The decision to get married is not a depressing one, nor does it signify the downfall of our previously “single” selves. For me, it’s not an end at all, but a step forward — the decision to embark on a journey alongside another person. A healthy relationship that leads to a healthy marriage is one where both partners support each other’s independence, and want to encourage one another to pursue individual interests while simultaneously choosing adventures together.
Let’s think about those memes for a second. There’s clearly a defensive voice that comes through in these seemingly joking posts. It’s a voice that says, “Well you may be getting married, but I’m leading a much more exciting, independent lifestyle, and you can’t possibly understand because you’re a boring, married couple.” It’s just an adult version of envy-induced teasing on the playground, and it’s incredibly complex. There’s anxiety derived from the perception that everyone else is getting married, and a pressure to do the same. Simultaneously, there’s a gauntlet being thrown from anyone who posts a meme like this. The single person who posts this meme is recognizing that he or she feels a sense of “missing out,” but feels the need to put it back on the couples by saying, “You’re missing out more.”
But who is responsible for this hostility? This fake war is pointless. From my experience, as someone who’s now married, I honestly don’t think we look down on single men and women with superiority, or a feeling that they are leading a life that’s worth less than ours. My single friends are beautiful, incredible people, and I genuinely don’t think my life is any better than theirs, or worse than theirs. It’s just different. And different is okay.
I fully get that society plays a role in all of this. There’s an expectation that young adults will eventually find a partner, get married, and procreate. We all have that one family member who loves to ask, “So? Are you seeing anyone special?” at holiday gatherings. While our culture has a way of instilling expectations in our minds, it must be reiterated that, at the end of the day, there are no rules. There is no referee keeping score on our progress in life. There’s no “right” age to get married, and there’s no “perfect” time to start a family. There is no ruling that says you need to want to find a partner at all. And beyond this, there are no restrictions on what you can and cannot do at different stages of your relationships. You can travel as a mom, and you can travel as an 18-year-old right after graduation. You can be a wife and remain true to yourself. You can be single and confident in your life’s direction.

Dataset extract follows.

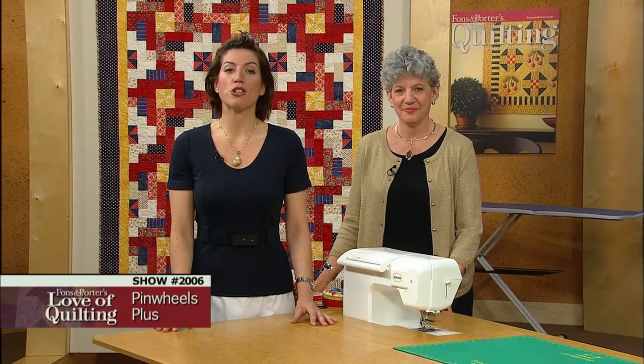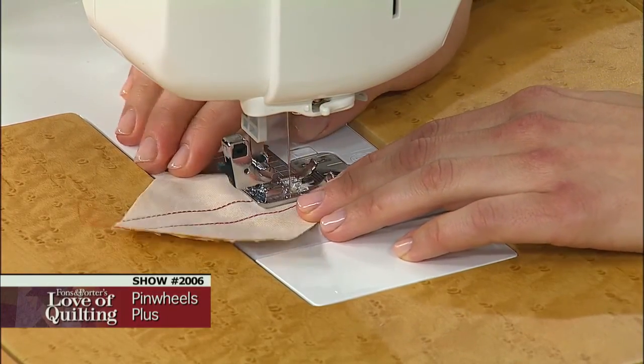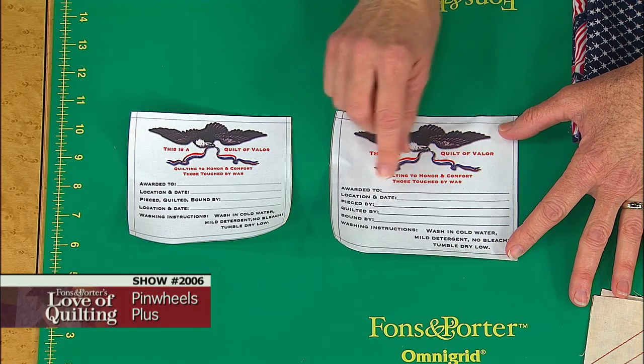The quilt on today's program was made to show appreciation for a wounded service person. That's right, it's a quilt of valor, and it's a very simple pattern. On today's program you will learn how to make two half square triangle units without using a patchwork foot, how to form a secondary design by rotating blocks, and how to present a quilt of valor to a combat veteran.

Of course, marriage is a big deal and a huge step, but it shouldn’t be viewed as something that cripples your individuality, or your desire to do amazing things. Marriage is a journey in and of itself, and it’s one that can be taken in conjunction with a zillion other journeys. Additionally, there is no actual war between single people and couples, so maybe we should stop pretending there is. Let’s put aside our defense mechanisms and our patronizing memes, and recognize that, ultimately, all life paths are right for the people who choose them.